C.M.: Sto scrivendo una serie di film di trenta minuti ispirati a storie vere, dato che preferisco sempre storie realmente accadute a quelle inventate. Questi lavori avranno come protagonisti ventenni nel contesto della Romania comunista, ma mi asterrò dal far riferimento diretto alla dittatura, ispirandomi a leggende urbane che ci venivano raccontate all’epoca.

Tornerà a lavorare con Anamaria?

C.M.: Di solito torno a lavorare con gli attori con cui mi sono trovato bene e penso che farò lo stesso anche con Anamaria, dato che amo la sua recitazione incisiva ed estremamente naturale. Basta che si rifaccia crescere i capelli (ride, n.d.r.).

Com’è la situazione dell’aborto in Romania?

C.M.: Abortire oggi è legale ma, anche se tutti possono avere accesso all’informazione, non si conoscono ancora del tutto i metodi contraccettivi e si finisce per scegliere l’aborto come metodo contraccettivo.

Come donna che emozioni ha provato nel recitare in questo film?

A.M.: Come donna penso che l’aborto sia la più terribile delle scelte, ma la mia non è affatto una presa di posizione religiosa. Ritengo che sia giusto che ognuno abbia la libertà di scegliere quelle che meglio crede, senza pregiudizi.

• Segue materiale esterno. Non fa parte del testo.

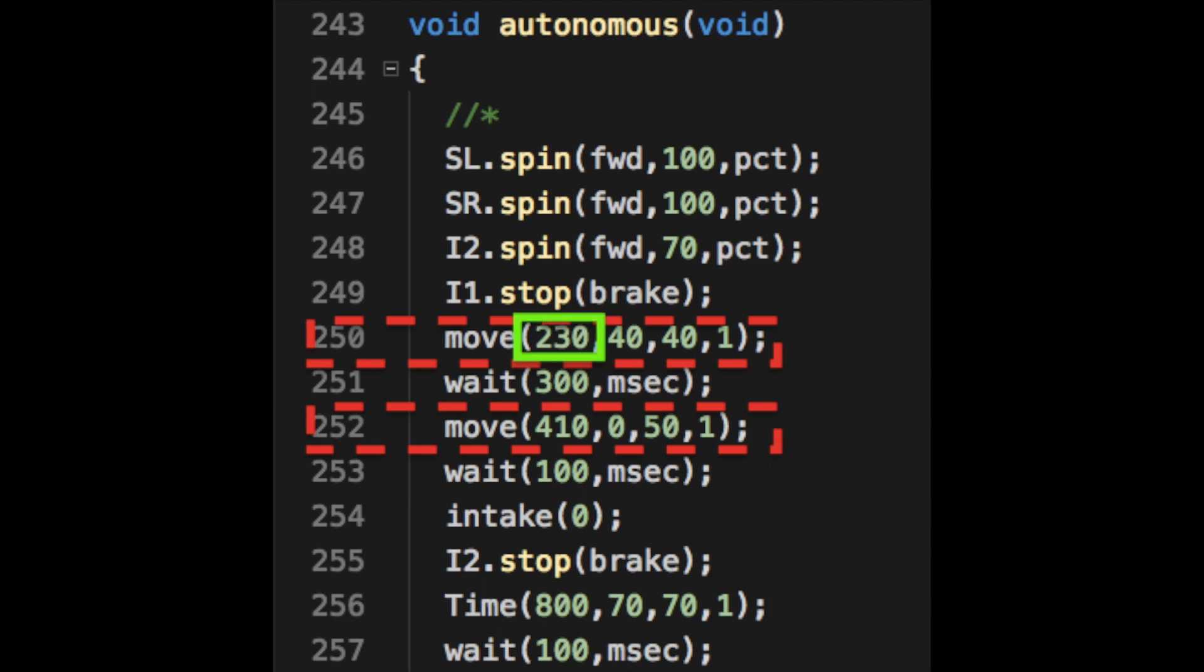For the first number, we insert the degrees that we want our robot to move. The second number is the power that we want from the left side of the chassis. The third number is the power we want for the right side of the chassis. And the last number is a brake.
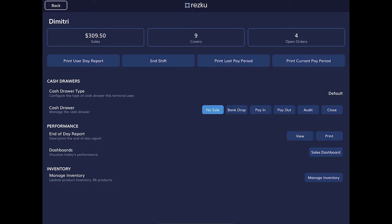Audit is used when you want to check the actual money in the drawer against what the system says should be there — you do a physical drawer count and compare it to the system count. Close is used at the end of the business cycle when you want to reset the drawer count; you close the drawer and report any discrepancy. It works similarly to an audit but also ends that recording period.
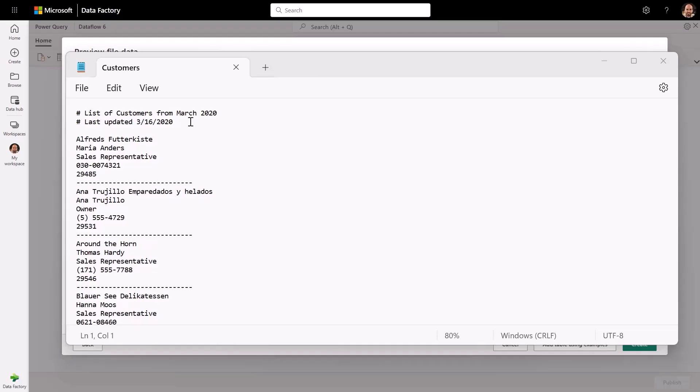Now, let's transition over to text by example. Text by example provides similar capabilities, allowing users to extract data from semi-structured text files.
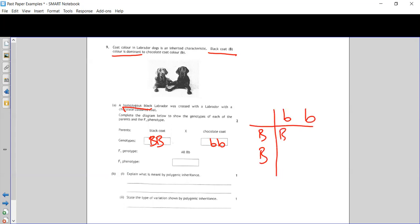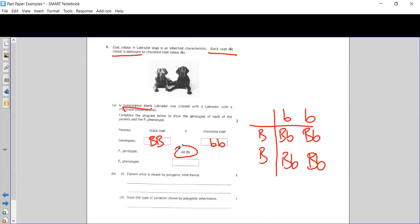When we carry out the cross from these two parents, every single possibility gives us big B little b — so they're all big B little b. The next part asks for the F1 phenotype. Because all offspring have a big B, they show the dominant form, which is black coat.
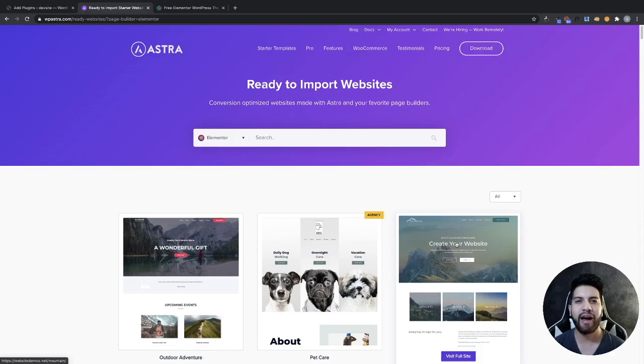What is up guys? I'm Yuri Osoto and in this video I'm going to be showing you guys four template sources where you can get free Elementor templates.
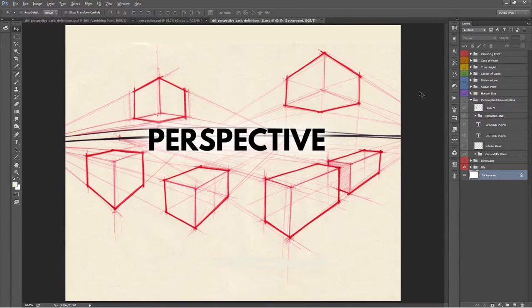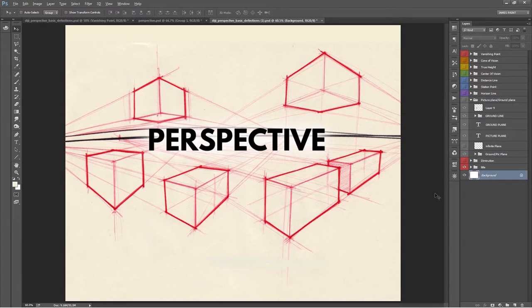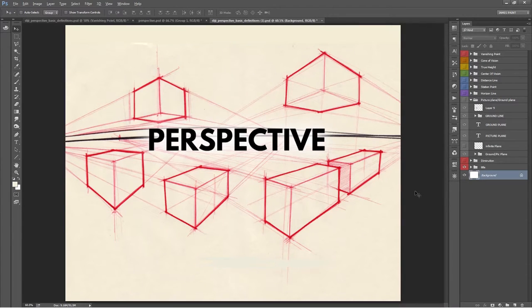Now learning perspective has the reputation of being a pain in the butt, but it really can be easy if you just simplify it a little bit.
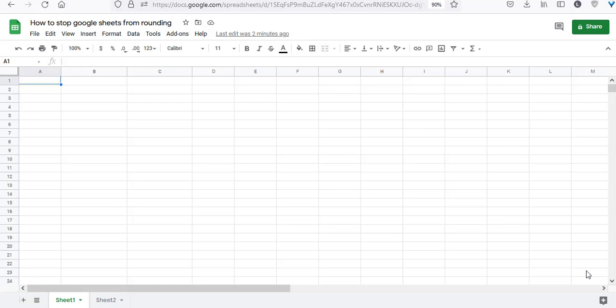Hello and welcome to this video. I am Nahid Akhtar, and in this video I'm going to talk about why Google Sheets rounds off numbers and how to stop it from happening.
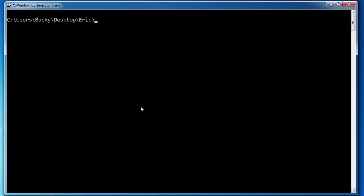if the command is kind of long, then it can be kind of a pain in the butt just to type in the whole thing over and over. So what you can actually do is you can access your command history by pressing the up arrow. So if you just press your up arrow, it's going to take you through all of the previous commands that you typed.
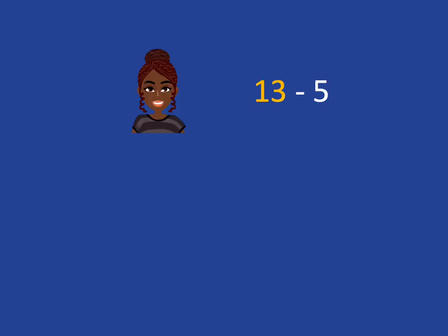If we want to do 13 subtract 5, what I'm going to do is say, okay, I've got 13 in my head and I need to take away these 5 fingers.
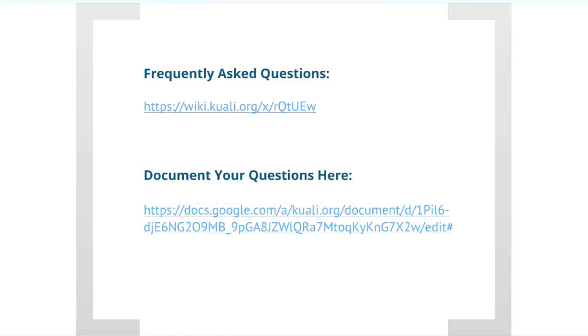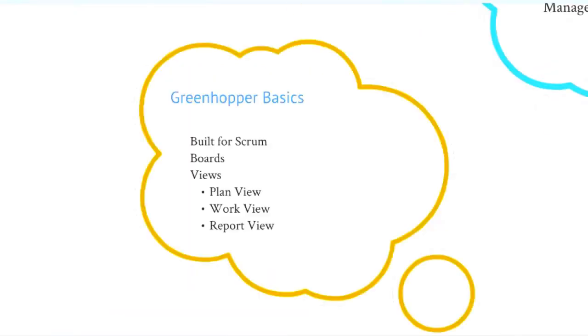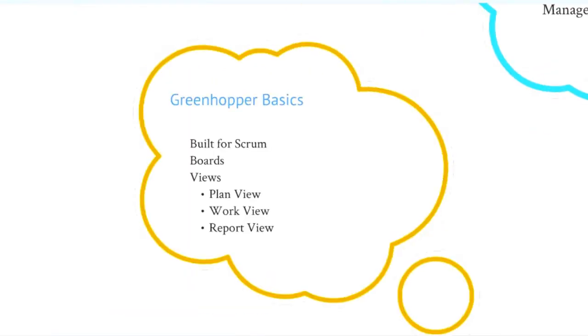So, some basics about GreenHopper. GreenHopper is a plug-in for Jira,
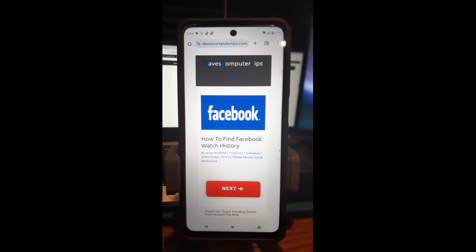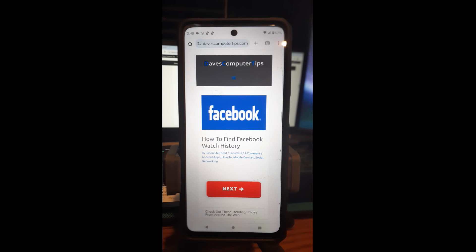Hi, this is Jason with Dave's Computer Tips with another how-to video for you. This one's on how to find Facebook watch history on the Facebook app. I did a video before — I'll put the link below — on how to find your video watch history on the website Facebook.com. I used my Windows 10/11 laptop and showed you how to do it there. Now I want to show you how to do it on the Facebook app, since it's a little different there than on the website.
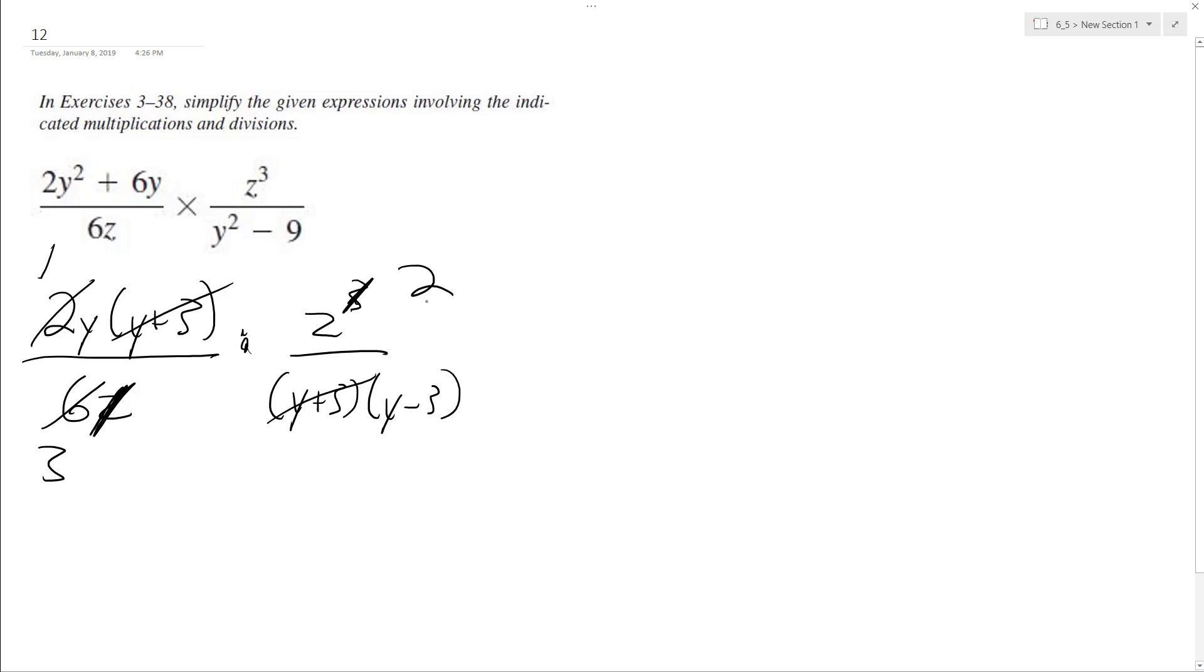So we're left with 1 times z squared, so it becomes z squared over 3 times quantity y minus 3. And that's it.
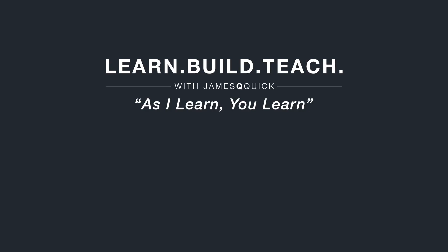Hey guys, if you enjoyed the video, hit that like button, leave a comment and subscribe to the channel. You can also check out learn, build, teach.com to sign up for the newsletter to learn about my latest content. Thanks for watching.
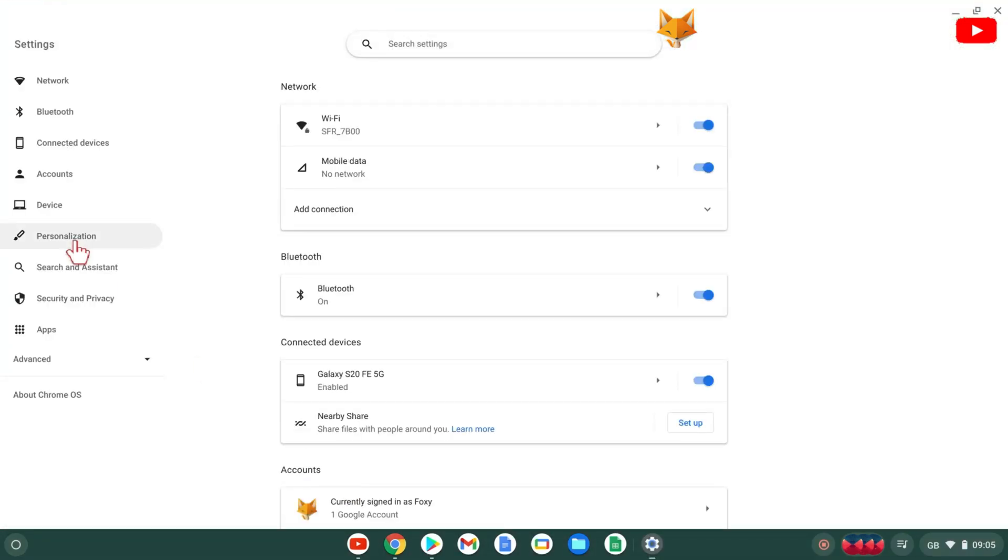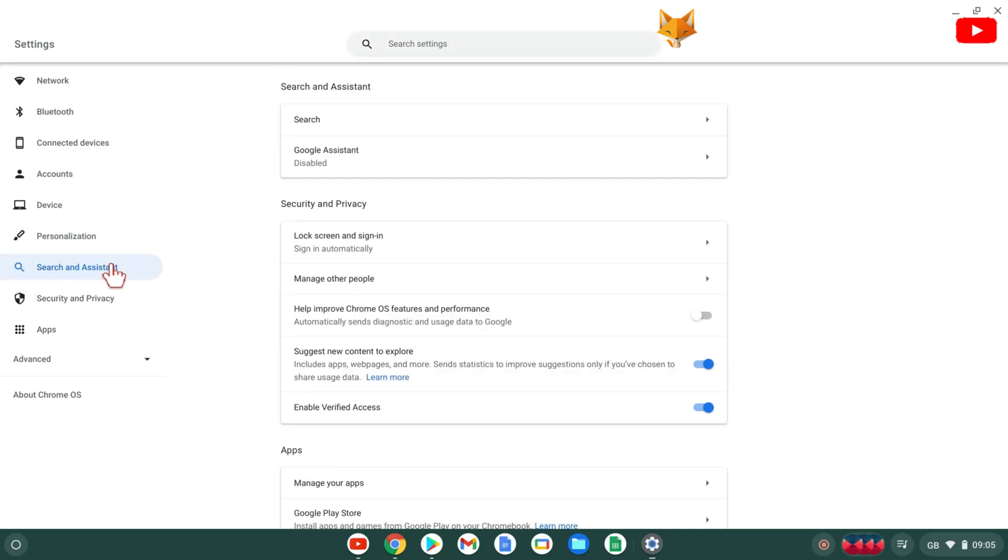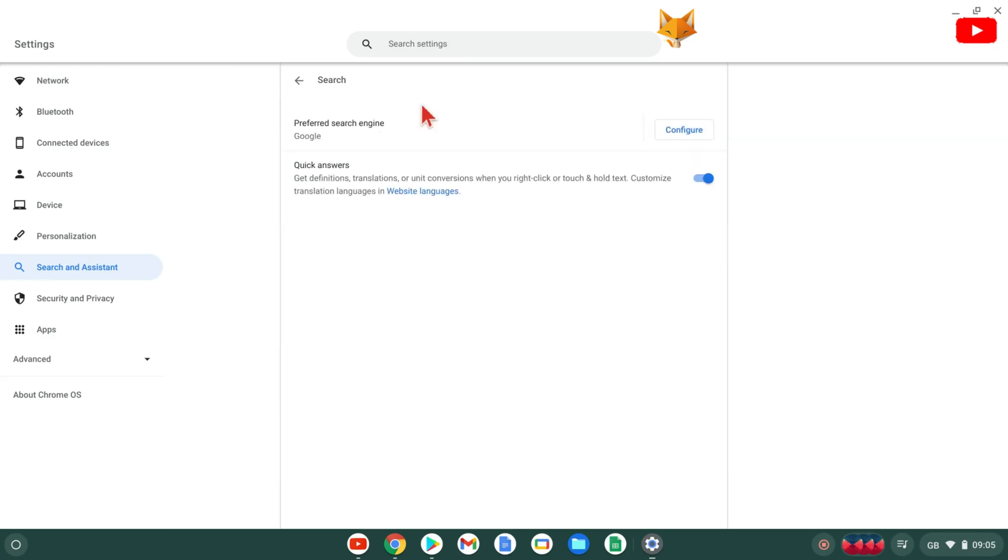Select search and assistant. Select search. Select configure next to preferred search engine.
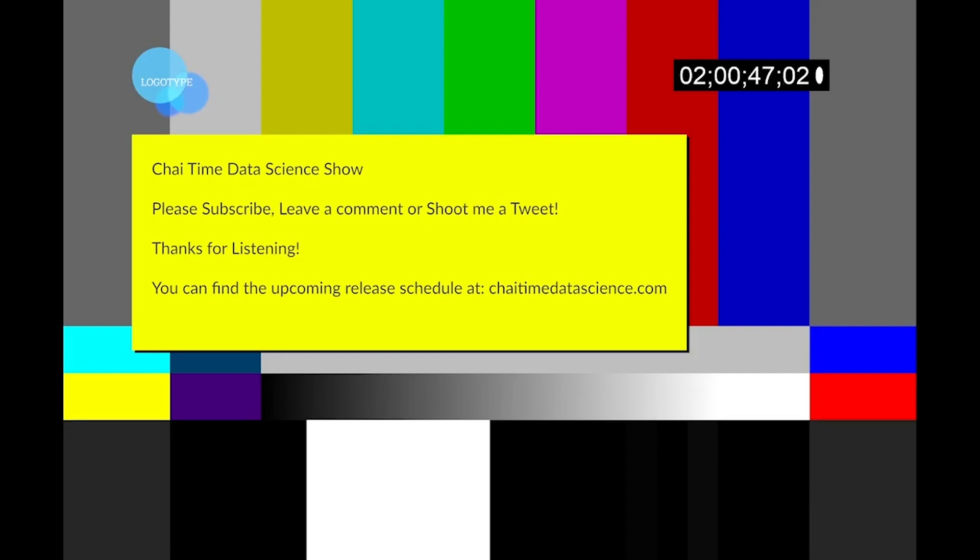I'm pretty sure we didn't miss anything, so we'll wrap it up. Thanks again, Rob. Thanks everybody for listening. If you like the show, please subscribe and tune in each week to Chai Time Data Science.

Non penso però che gli uomini dovrebbero decidere della vita o della morte di qualcun altro.

Lei ha recitato nell’ultimo film di Francio Ford Coppola, Youth without youth

A.M.: Ho interpretato una piccolissima parte, la protagonista è un’altra attrice rumena, Alexandra Maria Lara. Però sono stata sul set di uno dei più grandi registi viventi per ventiquattr’ore, ed è stata comunque una bellissima esperienza.